Work required ▸
Retype exactly the lines of the material below, from the one containing "2013 Nissan Armada" through the last, with both ends kept.

Material to process Block Start

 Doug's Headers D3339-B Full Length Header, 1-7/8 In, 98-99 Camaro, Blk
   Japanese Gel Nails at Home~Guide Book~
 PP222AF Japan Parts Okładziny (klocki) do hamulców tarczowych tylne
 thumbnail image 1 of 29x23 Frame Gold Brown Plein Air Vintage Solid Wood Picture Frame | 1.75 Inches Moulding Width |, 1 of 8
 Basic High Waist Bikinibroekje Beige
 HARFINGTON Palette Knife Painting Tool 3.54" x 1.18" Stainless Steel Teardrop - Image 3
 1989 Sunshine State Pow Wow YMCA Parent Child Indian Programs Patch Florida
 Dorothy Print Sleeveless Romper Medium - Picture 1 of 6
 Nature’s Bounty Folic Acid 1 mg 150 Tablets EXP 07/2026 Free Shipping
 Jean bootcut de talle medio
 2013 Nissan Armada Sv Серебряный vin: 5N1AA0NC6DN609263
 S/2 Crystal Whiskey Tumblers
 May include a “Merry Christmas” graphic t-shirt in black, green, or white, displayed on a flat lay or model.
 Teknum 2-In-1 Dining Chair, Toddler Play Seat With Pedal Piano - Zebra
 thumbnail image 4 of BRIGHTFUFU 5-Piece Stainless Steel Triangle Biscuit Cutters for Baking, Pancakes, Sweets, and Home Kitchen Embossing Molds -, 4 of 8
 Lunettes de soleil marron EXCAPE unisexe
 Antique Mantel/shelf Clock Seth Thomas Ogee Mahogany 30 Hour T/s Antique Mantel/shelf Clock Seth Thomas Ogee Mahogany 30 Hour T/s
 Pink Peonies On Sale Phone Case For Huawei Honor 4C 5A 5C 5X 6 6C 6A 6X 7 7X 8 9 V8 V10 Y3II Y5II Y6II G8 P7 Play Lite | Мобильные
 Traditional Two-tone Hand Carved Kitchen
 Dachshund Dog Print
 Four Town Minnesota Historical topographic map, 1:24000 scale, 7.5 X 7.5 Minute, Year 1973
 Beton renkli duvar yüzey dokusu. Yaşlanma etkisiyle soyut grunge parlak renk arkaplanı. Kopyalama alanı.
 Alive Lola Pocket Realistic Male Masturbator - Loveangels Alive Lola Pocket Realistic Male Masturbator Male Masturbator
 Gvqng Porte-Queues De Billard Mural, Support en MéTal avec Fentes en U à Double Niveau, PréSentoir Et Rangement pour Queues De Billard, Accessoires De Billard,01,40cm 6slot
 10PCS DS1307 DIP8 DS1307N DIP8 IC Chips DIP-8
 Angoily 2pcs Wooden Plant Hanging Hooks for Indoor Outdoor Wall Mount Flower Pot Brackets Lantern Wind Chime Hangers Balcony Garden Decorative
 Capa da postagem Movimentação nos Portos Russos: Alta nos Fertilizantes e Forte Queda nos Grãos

Material to process Block End

Written response ▸
 2013 Nissan Armada Sv Серебряный vin: 5N1AA0NC6DN609263
 S/2 Crystal Whiskey Tumblers
 May include a “Merry Christmas” graphic t-shirt in black, green, or white, displayed on a flat lay or model.
 Teknum 2-In-1 Dining Chair, Toddler Play Seat With Pedal Piano - Zebra
 thumbnail image 4 of BRIGHTFUFU 5-Piece Stainless Steel Triangle Biscuit Cutters for Baking, Pancakes, Sweets, and Home Kitchen Embossing Molds -, 4 of 8
 Lunettes de soleil marron EXCAPE unisexe
 Antique Mantel/shelf Clock Seth Thomas Ogee Mahogany 30 Hour T/s Antique Mantel/shelf Clock Seth Thomas Ogee Mahogany 30 Hour T/s
 Pink Peonies On Sale Phone Case For Huawei Honor 4C 5A 5C 5X 6 6C 6A 6X 7 7X 8 9 V8 V10 Y3II Y5II Y6II G8 P7 Play Lite | Мобильные
 Traditional Two-tone Hand Carved Kitchen
 Dachshund Dog Print
 Four Town Minnesota Historical topographic map, 1:24000 scale, 7.5 X 7.5 Minute, Year 1973
 Beton renkli duvar yüzey dokusu. Yaşlanma etkisiyle soyut grunge parlak renk arkaplanı. Kopyalama alanı.
 Alive Lola Pocket Realistic Male Masturbator - Loveangels Alive Lola Pocket Realistic Male Masturbator Male Masturbator
 Gvqng Porte-Queues De Billard Mural, Support en MéTal avec Fentes en U à Double Niveau, PréSentoir Et Rangement pour Queues De Billard, Accessoires De Billard,01,40cm 6slot
 10PCS DS1307 DIP8 DS1307N DIP8 IC Chips DIP-8
 Angoily 2pcs Wooden Plant Hanging Hooks for Indoor Outdoor Wall Mount Flower Pot Brackets Lantern Wind Chime Hangers Balcony Garden Decorative
 Capa da postagem Movimentação nos Portos Russos: Alta nos Fertilizantes e Forte Queda nos Grãos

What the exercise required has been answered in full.